*Directions*
Among the entries below, retype exactly the lines starting with the one with "Photo 2 of Single" and going on through the one with "TIFFANY&Co. ティファニー トリプル", but not the pictures.

*Data in this exercise*
§ §

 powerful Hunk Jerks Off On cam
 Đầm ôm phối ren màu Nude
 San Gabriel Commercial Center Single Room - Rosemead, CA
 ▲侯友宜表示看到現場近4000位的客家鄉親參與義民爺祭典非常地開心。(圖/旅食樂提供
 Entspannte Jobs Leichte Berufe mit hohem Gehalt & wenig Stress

§ §

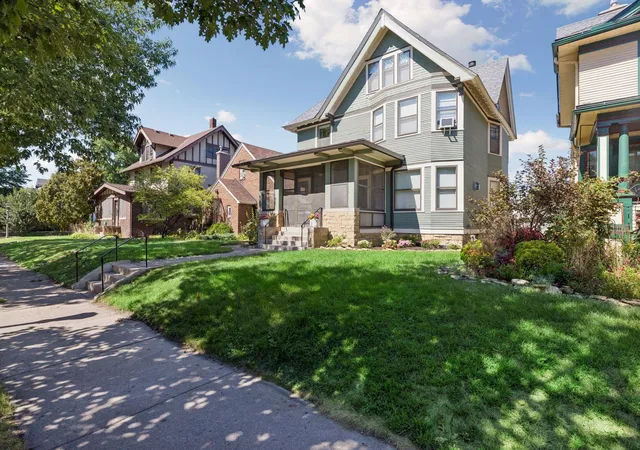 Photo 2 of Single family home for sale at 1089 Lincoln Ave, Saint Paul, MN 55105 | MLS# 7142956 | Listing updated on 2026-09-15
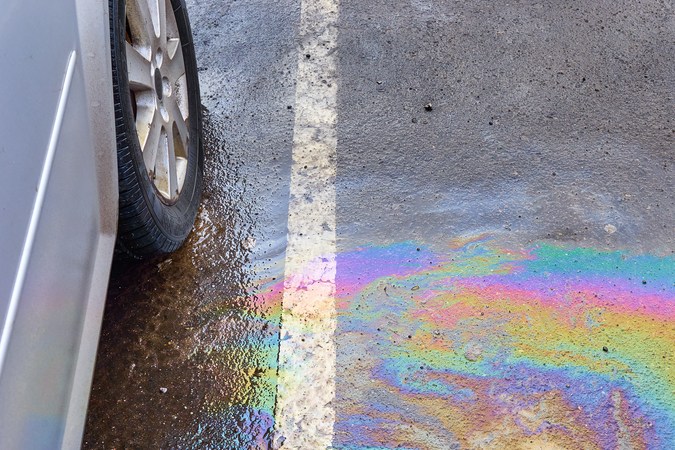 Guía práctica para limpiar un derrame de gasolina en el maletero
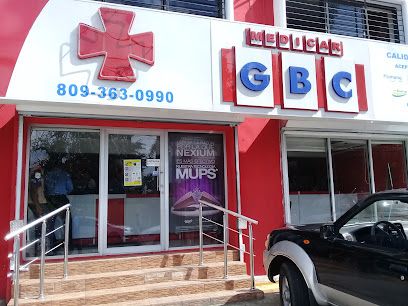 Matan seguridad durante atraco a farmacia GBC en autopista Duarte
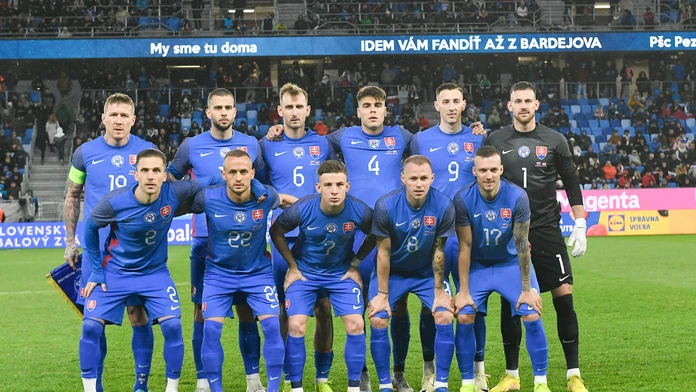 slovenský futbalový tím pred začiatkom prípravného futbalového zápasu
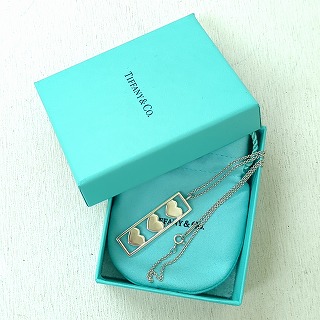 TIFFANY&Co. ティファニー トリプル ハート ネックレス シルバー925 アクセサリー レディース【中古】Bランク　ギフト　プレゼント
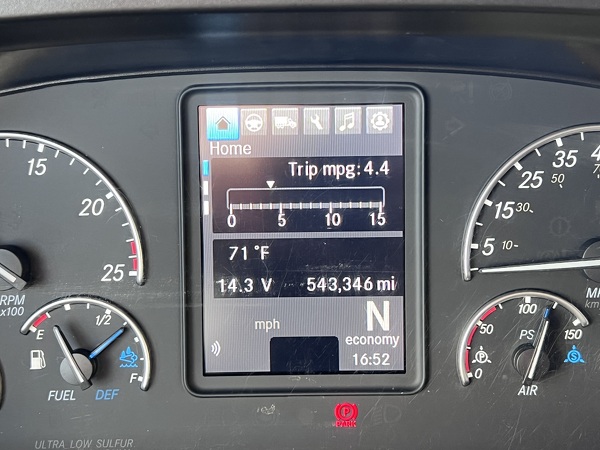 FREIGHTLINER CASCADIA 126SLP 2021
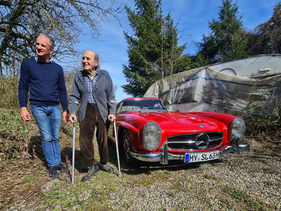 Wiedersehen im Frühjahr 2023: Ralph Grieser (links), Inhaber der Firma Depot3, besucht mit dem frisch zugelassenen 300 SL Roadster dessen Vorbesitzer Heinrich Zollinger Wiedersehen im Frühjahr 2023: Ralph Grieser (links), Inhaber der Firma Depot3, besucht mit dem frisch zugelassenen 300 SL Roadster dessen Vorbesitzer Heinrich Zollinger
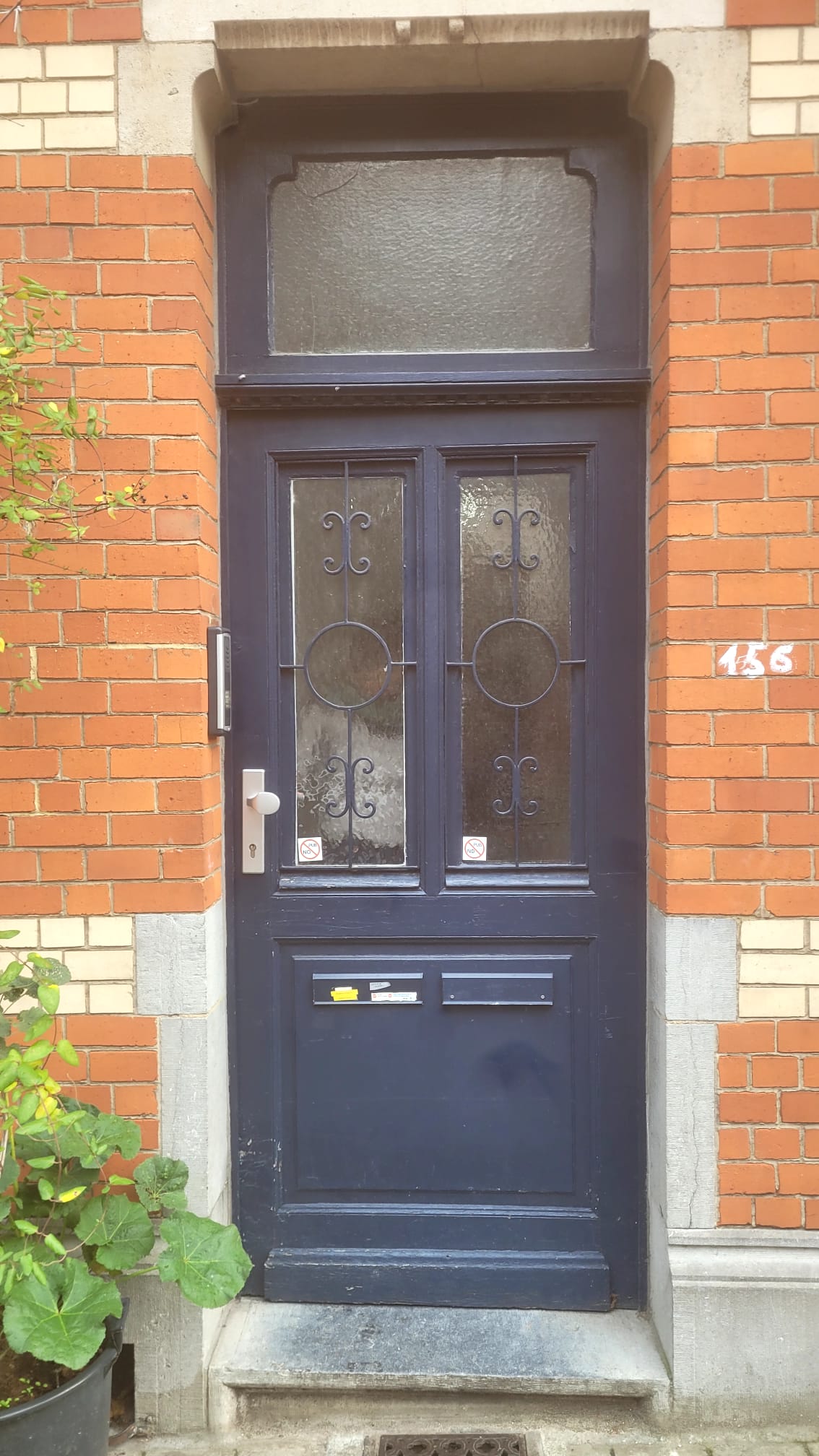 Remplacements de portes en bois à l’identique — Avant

§ §

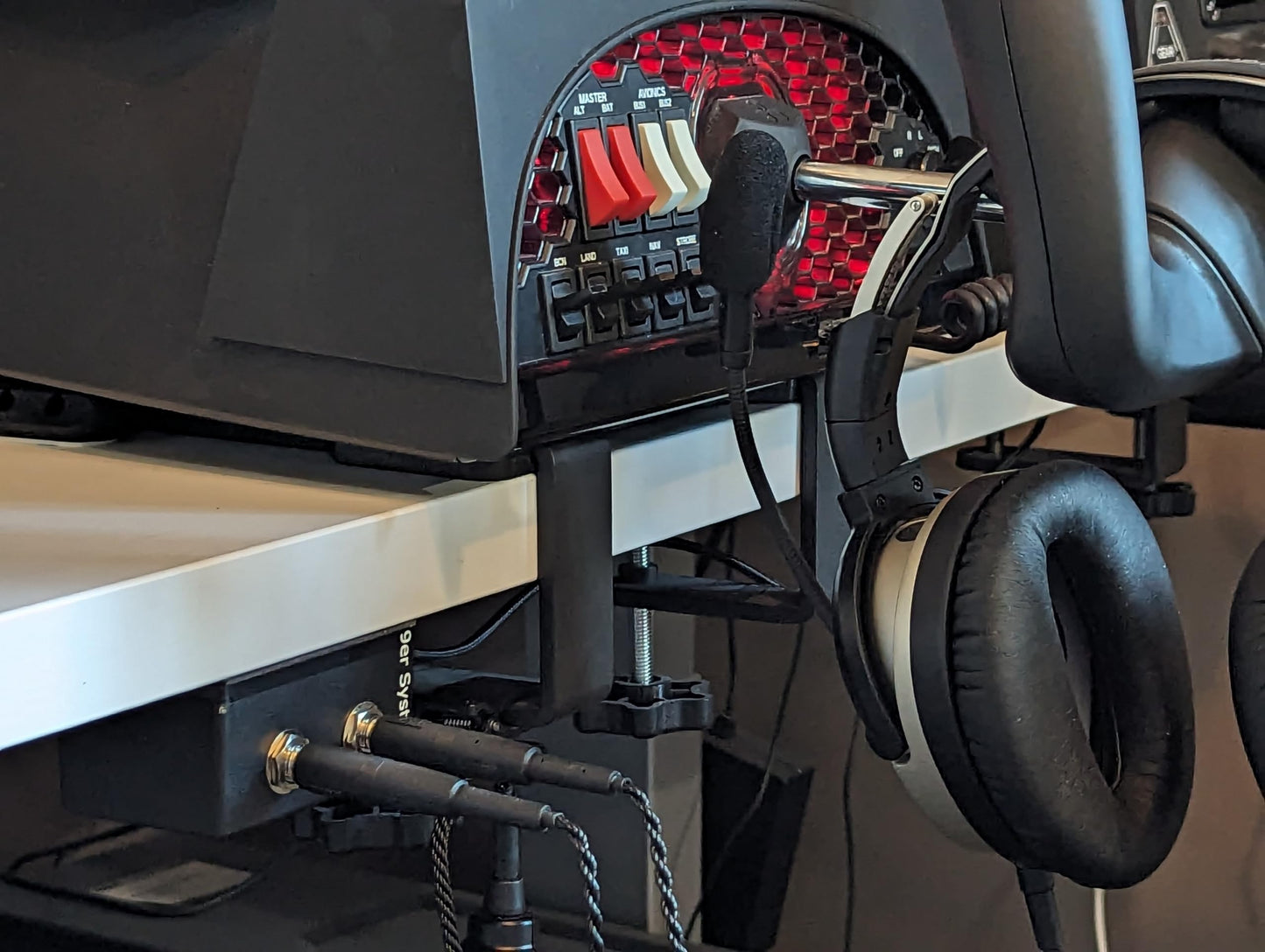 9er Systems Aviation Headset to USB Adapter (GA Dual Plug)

§ §

*Answer space*
 Photo 2 of Single family home for sale at 1089 Lincoln Ave, Saint Paul, MN 55105 | MLS# 7142956 | Listing updated on 2026-09-15
 Guía práctica para limpiar un derrame de gasolina en el maletero
 Matan seguridad durante atraco a farmacia GBC en autopista Duarte
 slovenský futbalový tím pred začiatkom prípravného futbalového zápasu
 TIFFANY&Co. ティファニー トリプル ハート ネックレス シルバー925 アクセサリー レディース【中古】Bランク　ギフト　プレゼント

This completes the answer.